The U.S Open is heralded to be the last big stop on the tennis calendar for both the women and men on the tennis circuit.
My response to that notion is: what better a place than New York City for a final lurch at tennis greatness? The electric, effervescent atmosphere of one of the world’s greatest cities never disappoints in funneling its wonder towards a fortnight of tennis. The promotional assignations on television that air weeks before the tournament begins are a feat in capturing the talent that permeates New York.
The city attracts international fame throughout the entire year, in fashion, the arts, and many more, but for two weeks in the beginning of September, the magnet aims at tennis. The event is a confluence of the world’s best, and culminates in crowning a winner of the fourth and final Grand Slam of the year.
This year though, things were a little different. A major amount of tennis’s top players did not play in the U.S. Open. On the men’s side, Andy Murray, Novak Djokovic and Kei Nishikori all did not participate in this year’s open due to injury. Their world ranking? No. 2, No.5 and No. 10, respectively. You can probably accurately extrapolate that the absence of these three players detracted from some of the promotional stirrup that usually surrounds the year’s final slam. But their absence engendered another notion; it incited the idea that Roger Federer, at age 36, was poised to easily win the U.S. Open after his spectacular year to date, winning two of the three previous slams.
On the women’s side, Serena Williams and Victoria Azarenka did not play. Williams resides at an obviously dubious No. 15 in the WTA rankings, because she has taken the majority of the year off due to the birth of her child. Her presence has been missed, although her lack dominance has allowed new champions to emerge. Victoria Azarenka has been ranked in the top ten perennially for most of her career, but has been plagued by injury recently, and withdrew from the U.S. Open because of that very reason.
Now that we’ve woven the part of the tapestry consisting of the literal “non-events,” it’s time to get to results.
Roger Federer unfortunately did not win the U.S. Open. He lost in the quarterfinals to an admittedly formidable opponent, Juan Martin Del Potro, who not only loves hardcourts but has won the U.S. Open before and is most at home in the Big Apple. Del Potro went on to lose to Rafael Nadal of Spain in the semifinals.
It was a grueling match, during which the Spaniard simply wore Del Potro down with his blistering speed and relentless power, winning 4-6, 6-0, 6-3, 6-2. But while Nadal powered his way through to the finals, Kevin Anderson, a 6’7 South African with a monstrous serve, silently maneuvered his way to his first grand slam final, defeating American Sam Querrey in the semifinals in four sets.
Once the final rolled around, Nadal was all but expected to win by virtue of showing up.
No one gave Anderson a shot, especially considering the pressure of the venue, and the fact that he was 0-3 against Nadal going into the match. So, to no one’s chagrin, Nadal won the match routinely, 6-3, 6-3, 6-4, and claimed his third U.S. Open, along with retaining his world ranking of No. 1. Exciting stuff, indeed, but far short of riveting.

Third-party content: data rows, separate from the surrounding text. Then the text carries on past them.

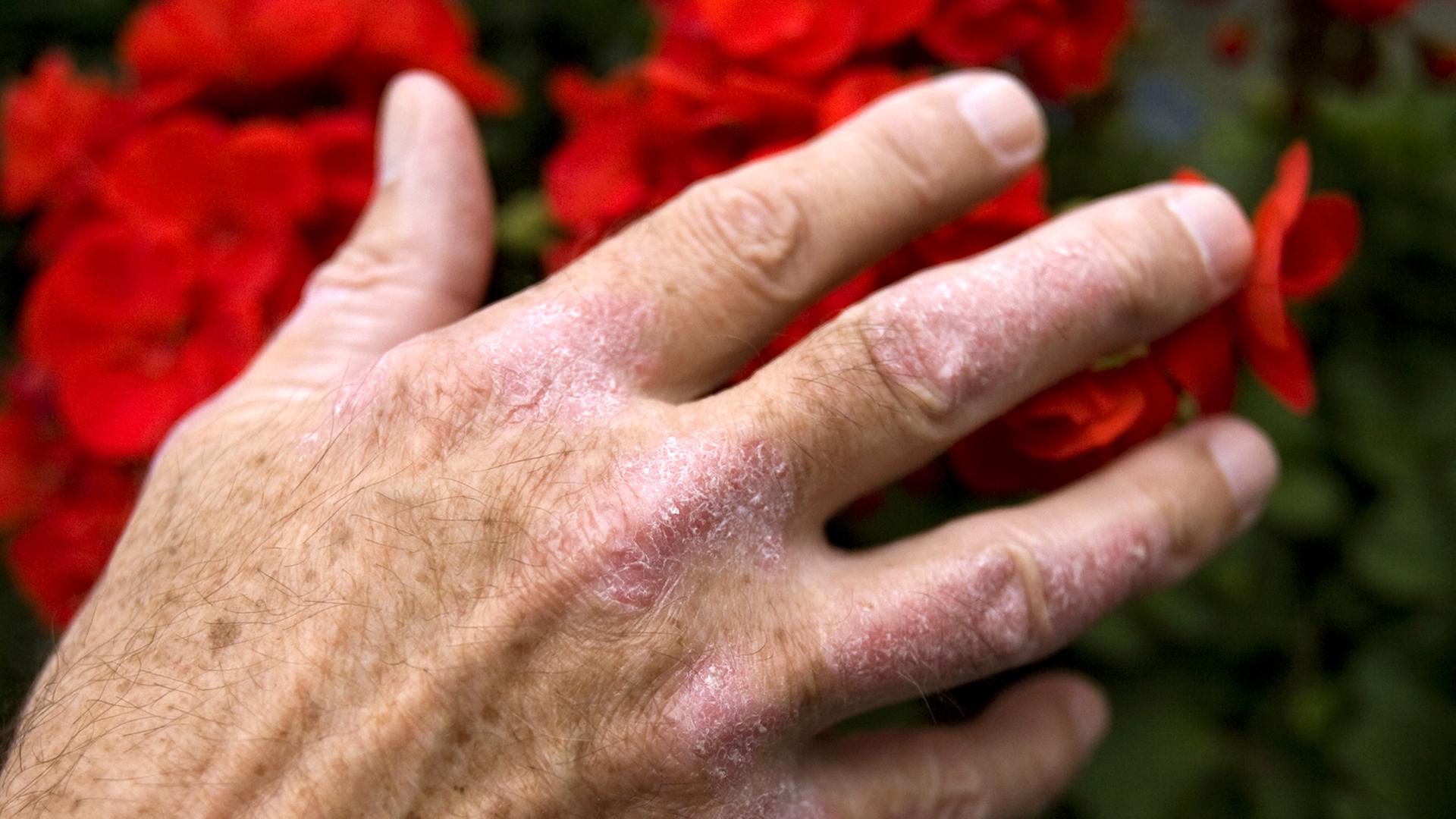 Eine Hand mit mit Schuppenflechte oder Psoriasis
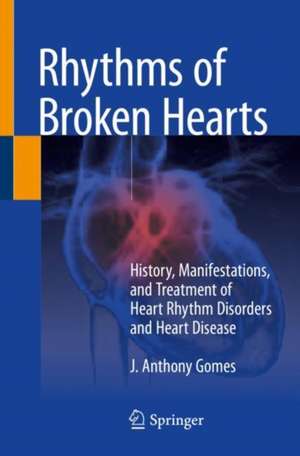 Rhythms of Broken Hearts: History, Manifestations, and Treatment of Heart Rhythm Disorders and Heart Disease de J. Anthony Gomes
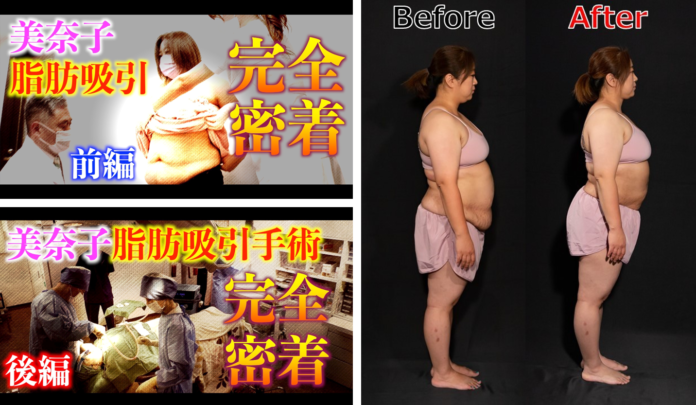 8児の母・美奈子さんがウエスト-10cmのサイズダウンに成功 共立美容外科にて脂肪吸引手術を受ける様子を収めたドキュメンタリーをYouTube「美奈子ファミリーTV」にて公開のメイン画像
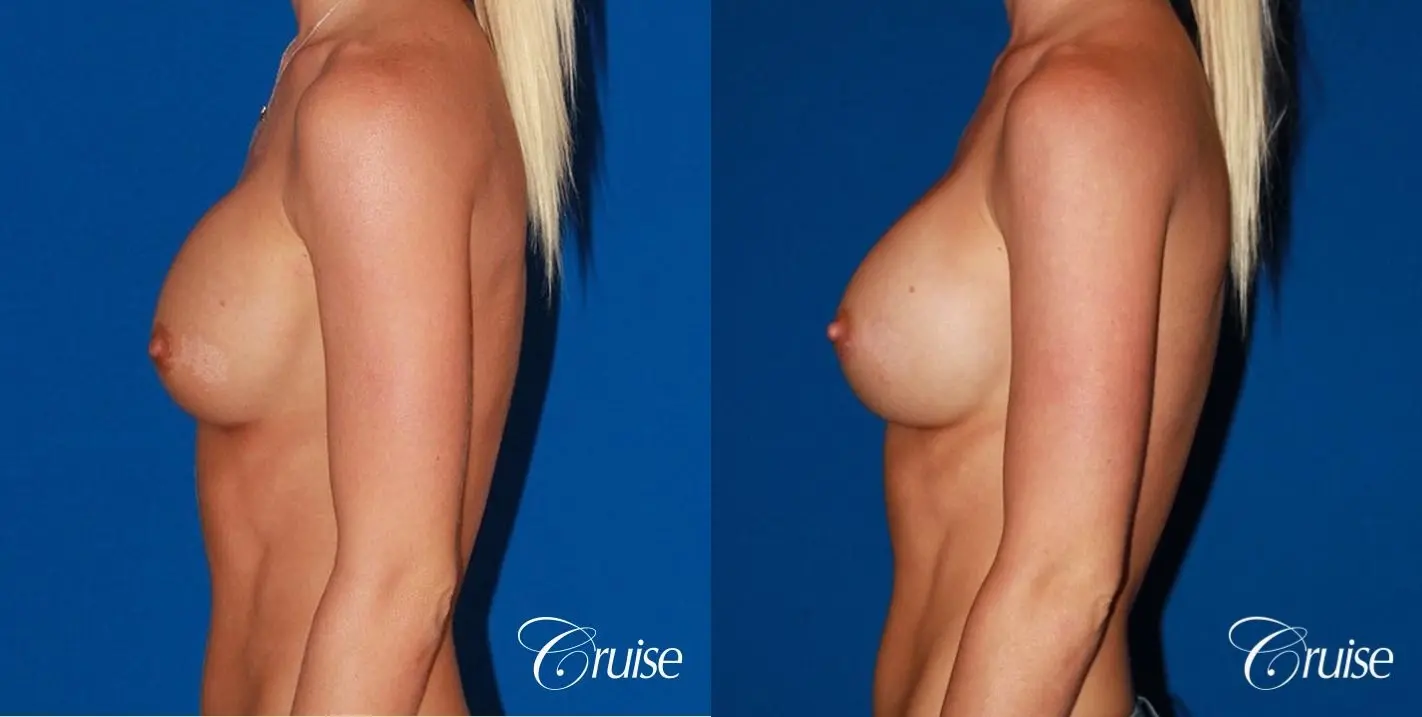 breast revision with best results for breast asymmetries - Before and After 2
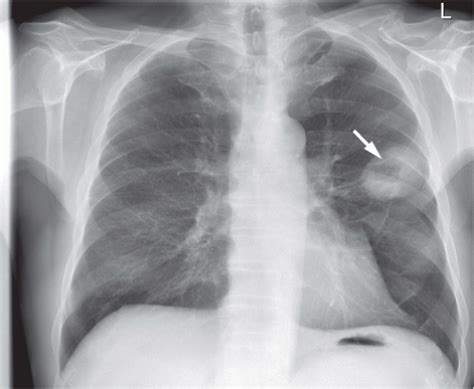 Tumors Of The Lung Radiology Key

For the women, it was a bit of a different story. It was the clash of two young Americans, Sloane Stephens and Madison Keys, who fought in an intranational competition in an attempt to heft their first Grand Slam trophy. Keys, ranked fifteen in the world, had a fairly pedestrian route to the finals, playing in two three-set matches and facing the usual set of challenges to any grand slam competitor.
Sloane Stephens, on the other hand, came in unseeded, and had to push through four three-set matches en route the finals. The finals, similar to the men — although not predicted to be so — was nothing special. Stephens won 6-3, 6-0, winning her first Grand Slam and skyrocketing in the WTA rankings.
This year’s U.S. Open was not quite the usual fanfare. To be honest, after Roger Federer lost in the quarterfinals, the air sort of went out of it. Nadal became the heavy favorite and eventually delivered on that prediction.
On the women’s side, with Serena Williams out, it was less of an excitement for viewers to watch, and there was no one player to really root for. The U.S. Open, for the women, was quite literally, wide open.
Next year, I hope to be writing a different article, to say the least.